About Train Travel to Sihanoukville
Train services to Sihanoukville depart from Phnom Penh’s main railway station, which is near to Phnom Penh Central Market. Phnom Penh Railway Station, which was constructed in 1932 during the era of French colonial rule, has been recently refurbished now that passenger train services have resumed. Nonetheless, there is not much in the way of food and drink to buy at the station for the journey. This is not, however, a problem as food is available on the train and also for purchase at train stations on the way.
There are two types of carriage on the train to Sihanoukville. The first type of carriage has groups of 4 seats facing each other. The majority of the seating on the train is in carriages like this and you need to book early if you want the other type of seat. These seats are comfortable enough and the carriage is air-conditioned. We recommend not sitting by the door in the carriage which tends to get left open each time sometimes passes through the carriage on the way to the toilet or the restaurant car.
The other type of carriage on the train to Sihanoukville has two long cushioned sofa type seats facing each other. These types of carriage tend to get booked out well in advance by large family groups of Cambodian people on their way for weekend break at the beach.

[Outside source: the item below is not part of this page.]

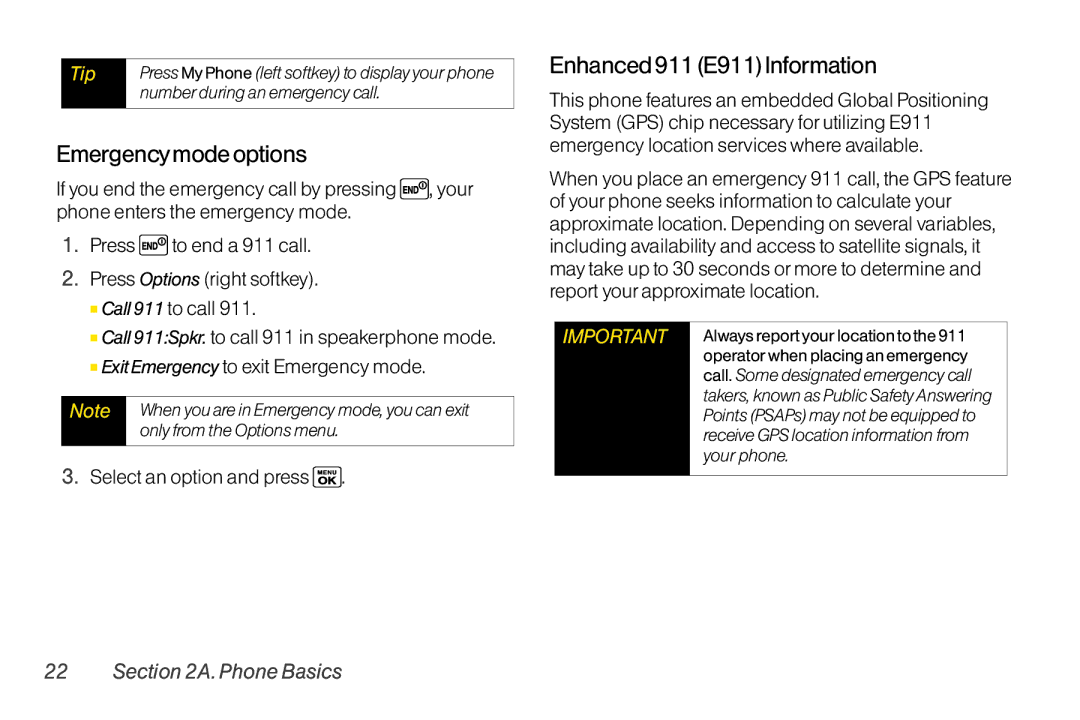 Sanyo LX manual Emergencymode options, Enhanced 911 E911Information, Call 911 to call, Select an option and press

The first two hours of the journey takes passengers through the suburbs of Phnom Penh and out into the countryside. There are a few villages on the way backed by hills.
2 hours after leaving from Phnom Penh the train makes its first stop at Takeo Railway Station. The train stops at the station for about 20 minutes and most passengers choose to the leave the train whilst it stops in the station for a walk around and to buy food. There are lots of food vendors on the platform at Takeo Railway Station.
From Takeo Railway Station the countryside opens up in large flat plains covered in rice paddy fields, with very few buildings, backed by distant hills. During this part of the journey passengers get sense of both the beauty of rural Cambodia and how little development there has been.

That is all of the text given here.